■ Problem to solve ■
Nothing outside the range is to be copied. From the entries below, reproduce exactly the lines starting at the one with "[第15话] 你竟敢分神？ 第29页" and ending at the one with "Ми-ми-мишки. Посчитай-ка — 2794477 — 1", without pictures.

■ Data to use ■
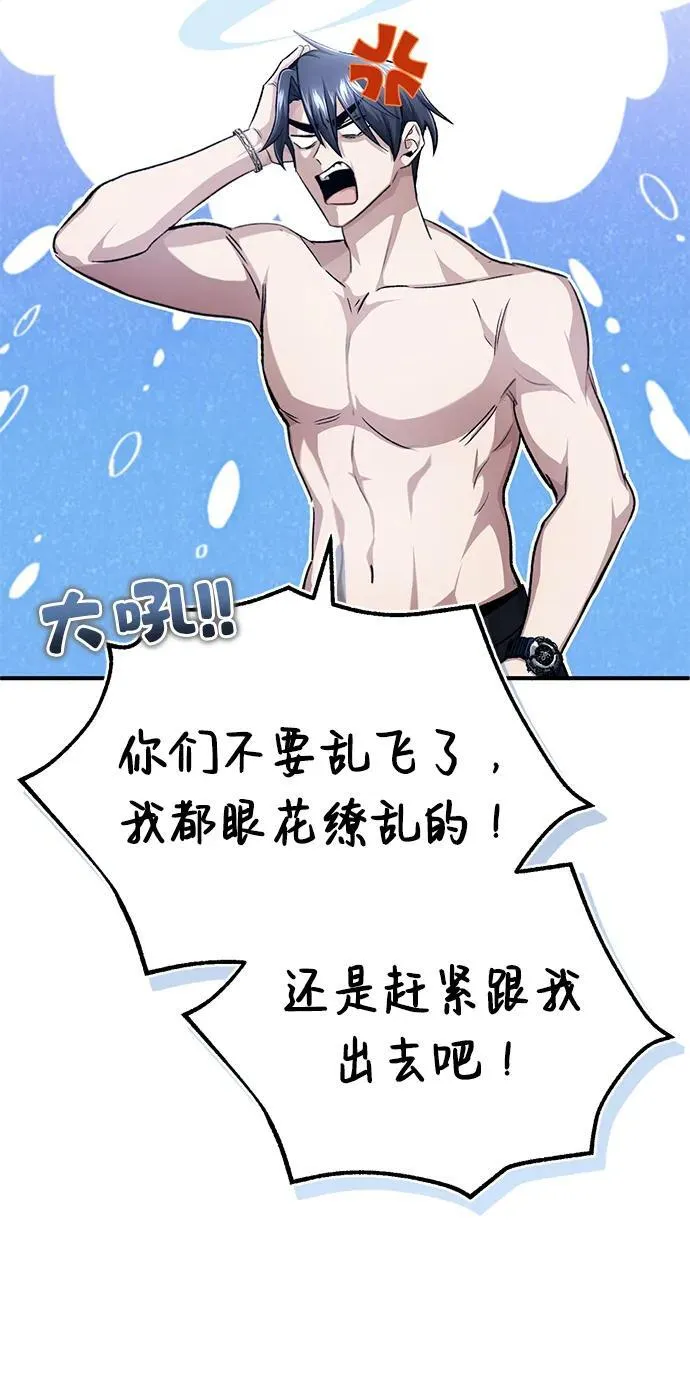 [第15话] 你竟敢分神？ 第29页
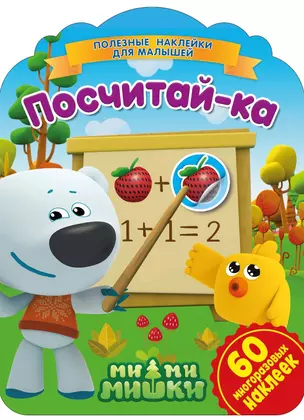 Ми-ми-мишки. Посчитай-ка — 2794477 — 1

---

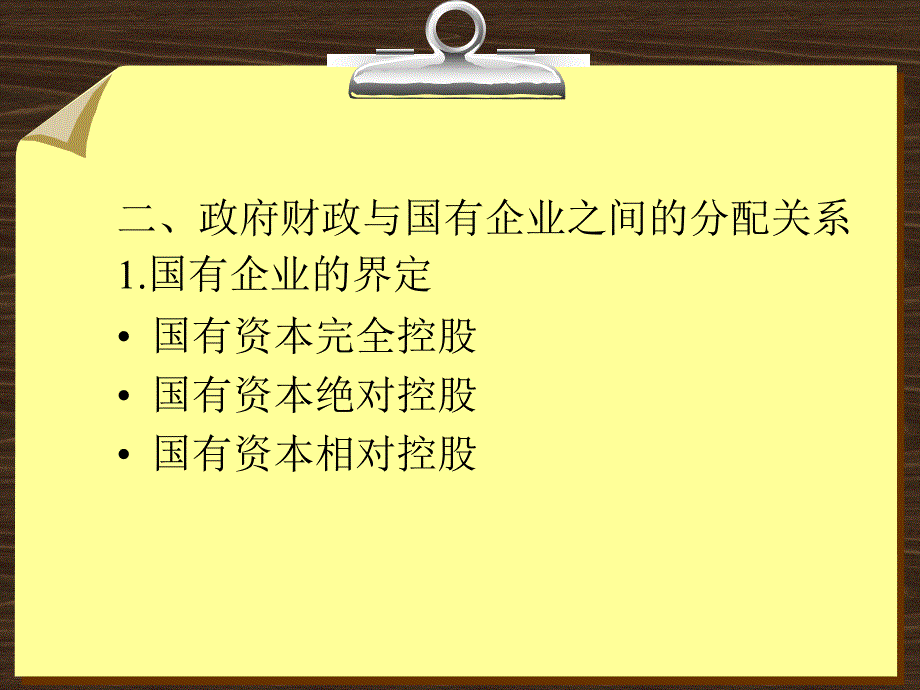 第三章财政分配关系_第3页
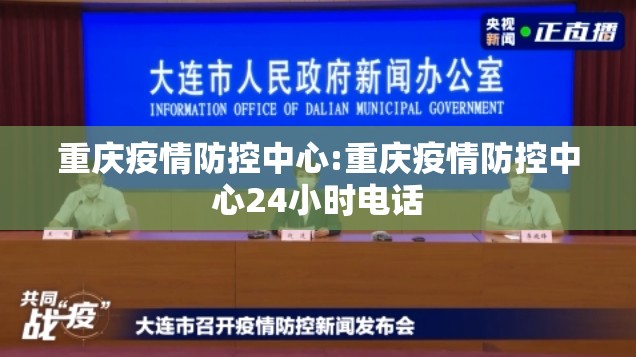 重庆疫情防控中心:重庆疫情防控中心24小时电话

* * *

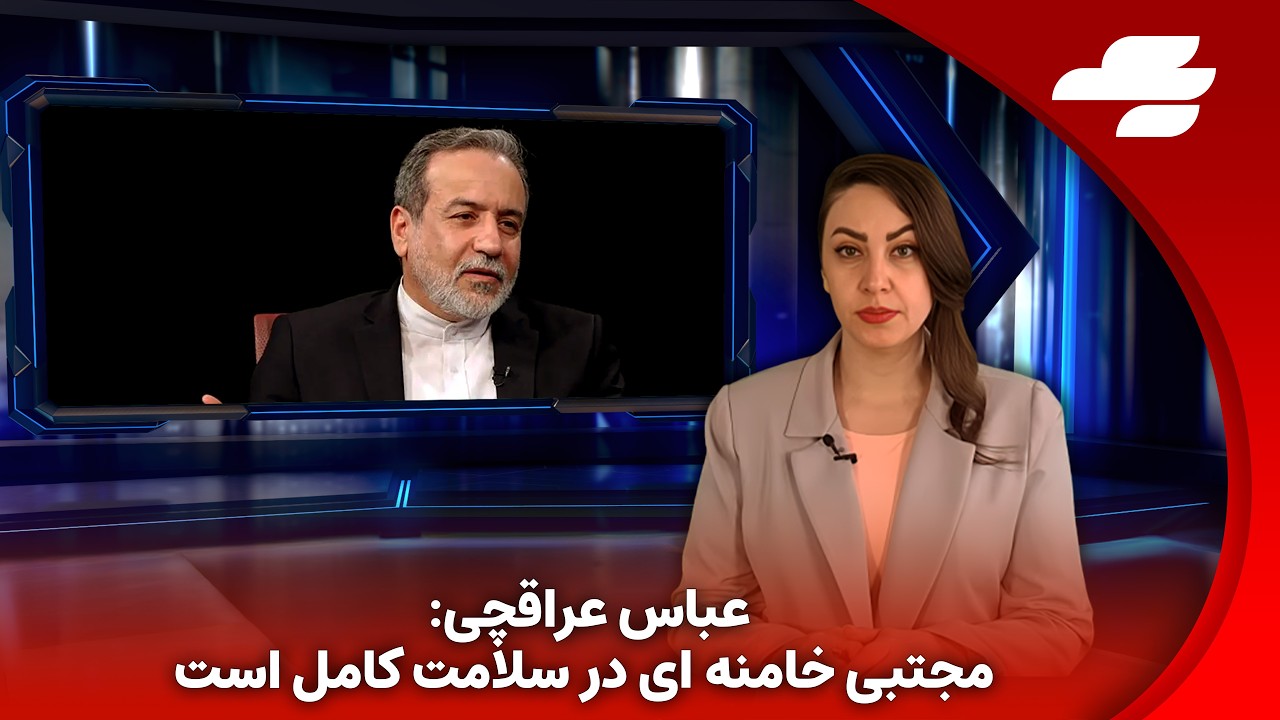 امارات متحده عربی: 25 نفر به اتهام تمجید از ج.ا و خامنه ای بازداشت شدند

■ Output of the task ■
 [第15话] 你竟敢分神？ 第29页
 Ми-ми-мишки. Посчитай-ка — 2794477 — 1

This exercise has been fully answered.